Here are some tips from Clinton Miller, a San Jose, Calif., lawyer and co-writer of “How Insurance Companies Settle Cases,” and Donald Beskind, a lecturer at Duke University and lawyer in Raleigh, N.C.

• Don’t leave the scene until the police arrive. Get a police report. If you have a camera handy, take pictures.

• Call your insurance company immediately. Company agents can offer advice and cover your medical and property expenses if the motorist who hit you is uninsured.

• Keep good records, such as names, dates and times related to everyone you talk to, including doctors. Be sure to get your claim number, and keep it handy. Make sure it is included on all correspondence.

• You should hire a lawyer if you have permanent scarring, loss of a limb, loss of a bodily function, had an overnight stay in the hospital, will require long-term care, or are not comfortable negotiating with insurance companies. You also should consult a lawyer if it’s not clear in the police report who is at fault.

• If the other driver is at fault, notify the driver’s insurance company that you want to file a third-party claim.

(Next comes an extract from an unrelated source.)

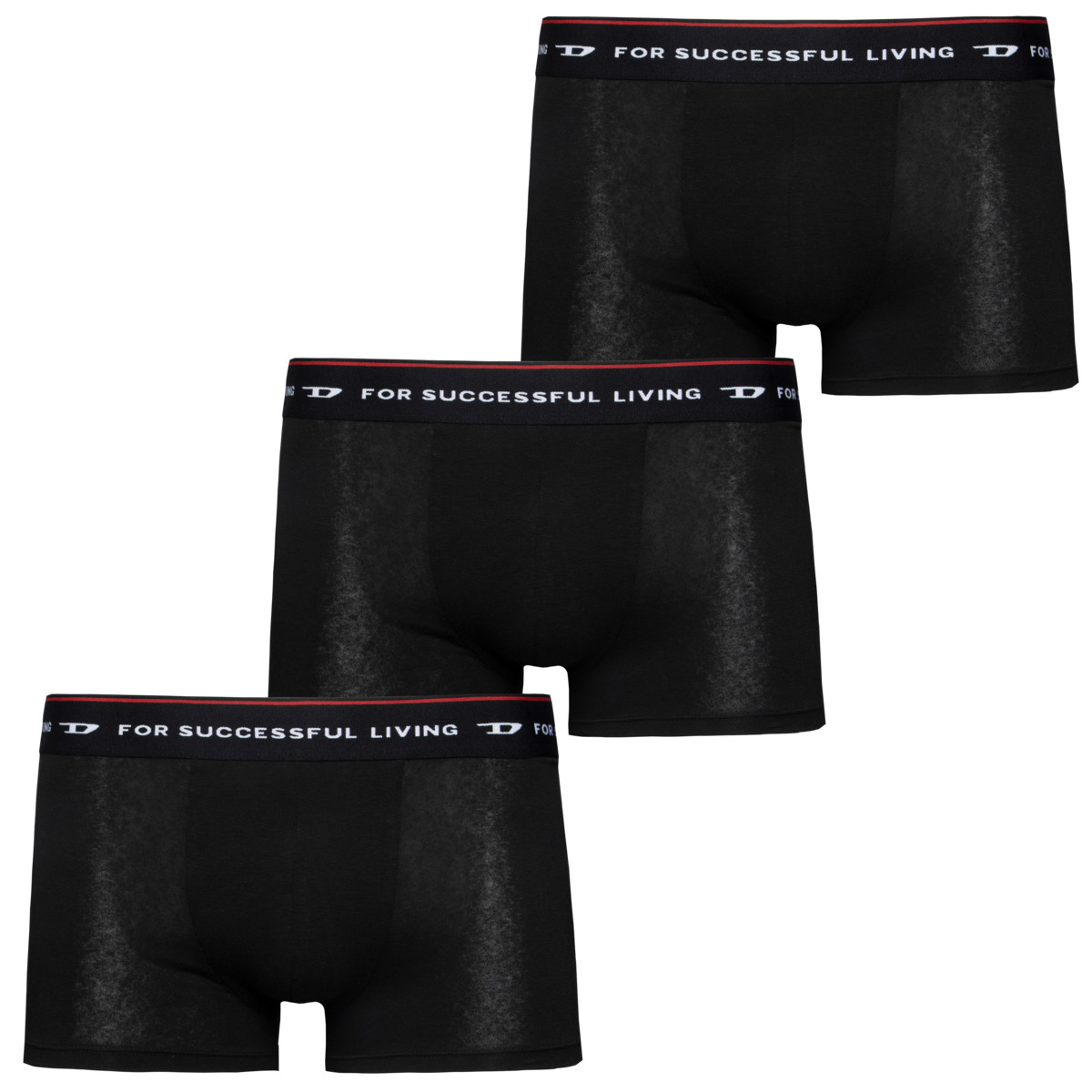 Diesel UMBX-DAMIEN 3er Pack Boxershorts schwarz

• The other driver’s insurance company likely will record your account of the accident. Be very careful of your wording. Insurance companies can use your words to prove you were at fault. Just say what happened. Don’t make guesses or assumptions.

• Get the name, phone number and claim number of the claims adjuster who assesses your car. If the car is totaled, look up the fair market value in the Kelly Blue Book, Edmunds.com and recent auto ads. Armed with that information, you can better negotiate your settlement. Be prepared for a tough negotiation with the insurance representatives.

• Don’t forget personal items inside the car, such as a new stereo system and car seats. If the car isn’t totaled, get a list of approved repair shops from the insurer and get estimates.

Have the repair estimates approved by the insurance company before you give the go-ahead to start the work.

• Some insurers will pressure you to settle your medical claim at the same time you settle your auto claim. Do not do this unless you have all your medical bills in hand and are sure no additional treatment is required. If you settle your medical claim too early, you will be responsible for additional medical bills later.